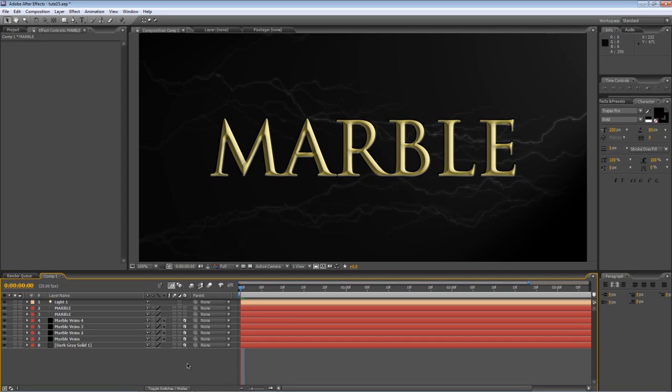Hello, Lawrence Grayson back again for shortformvideo.com and in today's After Effects tutorial I'm going to show you a really simple technique for creating a quick marble effect like the one shown here.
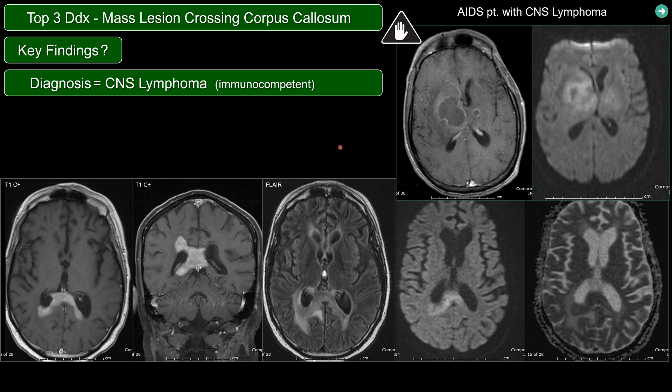The caveat is that in an immunocompromised patient — such as in this case of an AIDS patient with CNS lymphoma — the lymphoma will present with rim enhancement and central necrosis, unlike in the immunocompetent patient where the classic enhancement pattern is homogeneous. That's all for this case. Good luck on your board exam. Thank you.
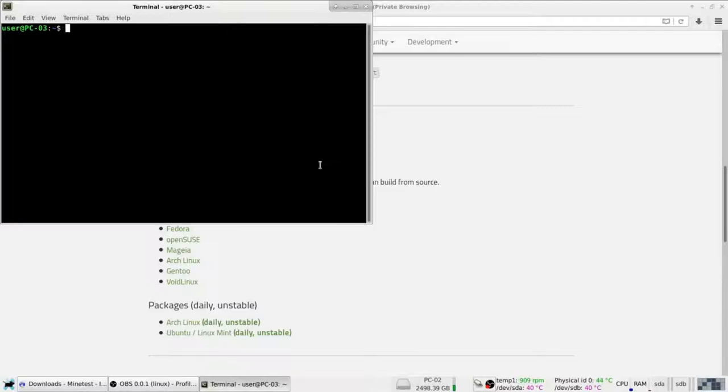So, on Debian, it'll be sudo. Now, on Ubuntu and other stuff, it'll be sudo though. So, we'll do sudo. That'll happen.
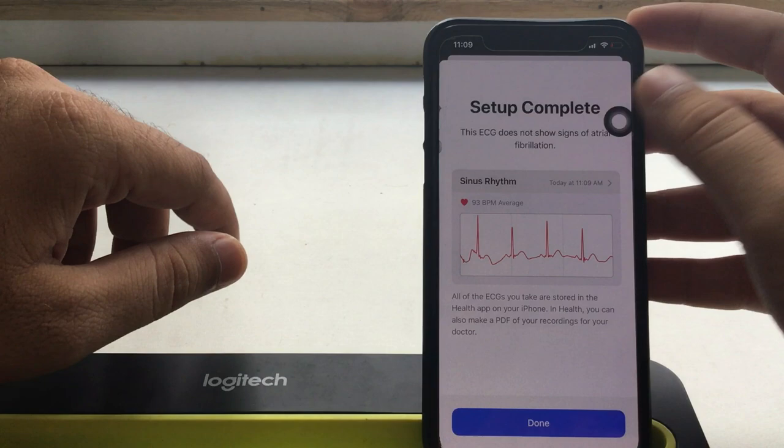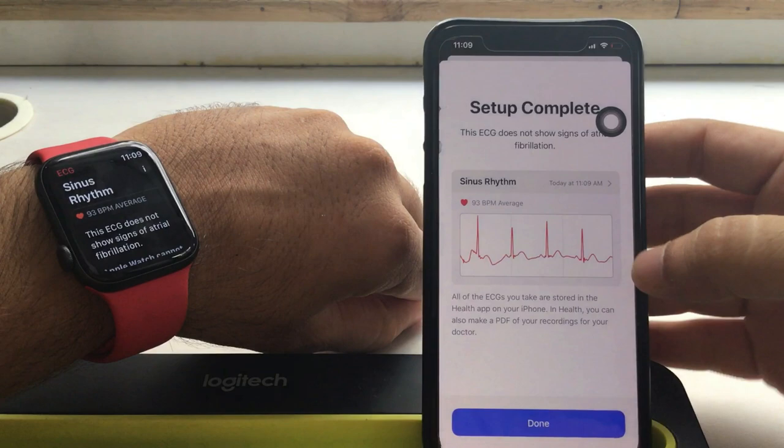Also, you can take another test after tapping on done at the bottom of your Apple Watch screen. Now I am taking another test with my Apple Watch ECG app.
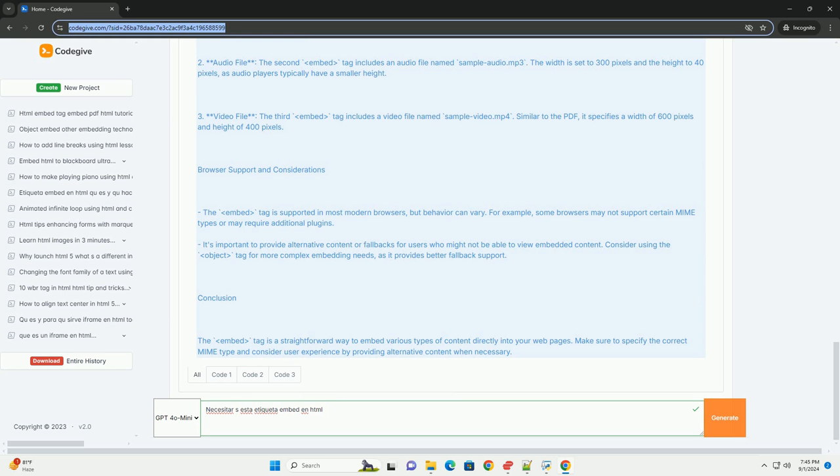Permitiendo la reproducción de audio y video o la visualización de otros formatos de archivos sin necesidad de salir de la página.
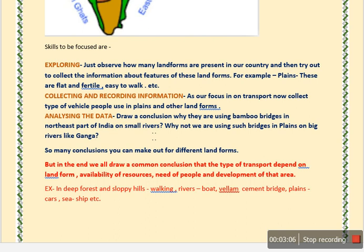Come to a result like this: why are they using bamboo bridges in the north part of India on a small river? Because in the north part of India we have rivers and a large amount of bamboo growing there, so people generally try to make bridges with the help of bamboo. But if you analyze the data for the plain area, you will find that we are not using bamboo bridges on rivers like the Ganga, because these rivers are very big in size and it is not easy to build a bamboo bridge on them. Find out such conclusions from the data.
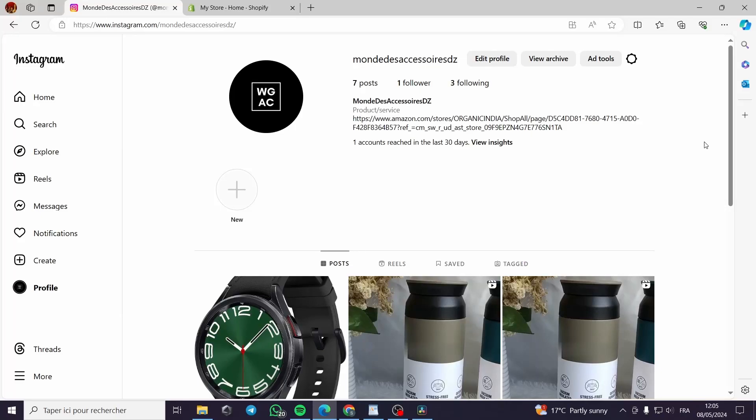How to use Instagram Reels for dropshipping or e-commerce. Hello guys and welcome to this new tutorial.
####################
> [Task item] The answer must be the lines of the entries above, written out exactly from the first through the one with "Also, you can", and no pictures.

> [Solution below]
Hello, Lawrence Grayson back again for shortformvideo.com and in today's After Effects tutorial I'm going to show you a really simple technique for creating a quick marble effect like the one shown here.
The caveat is that in an immunocompromised patient — such as in this case of an AIDS patient with CNS lymphoma — the lymphoma will present with rim enhancement and central necrosis, unlike in the immunocompetent patient where the classic enhancement pattern is homogeneous. That's all for this case. Good luck on your board exam. Thank you.
So, on Debian, it'll be sudo. Now, on Ubuntu and other stuff, it'll be sudo though. So, we'll do sudo. That'll happen.
Also, you can take another test after tapping on done at the bottom of your Apple Watch screen. Now I am taking another test with my Apple Watch ECG app.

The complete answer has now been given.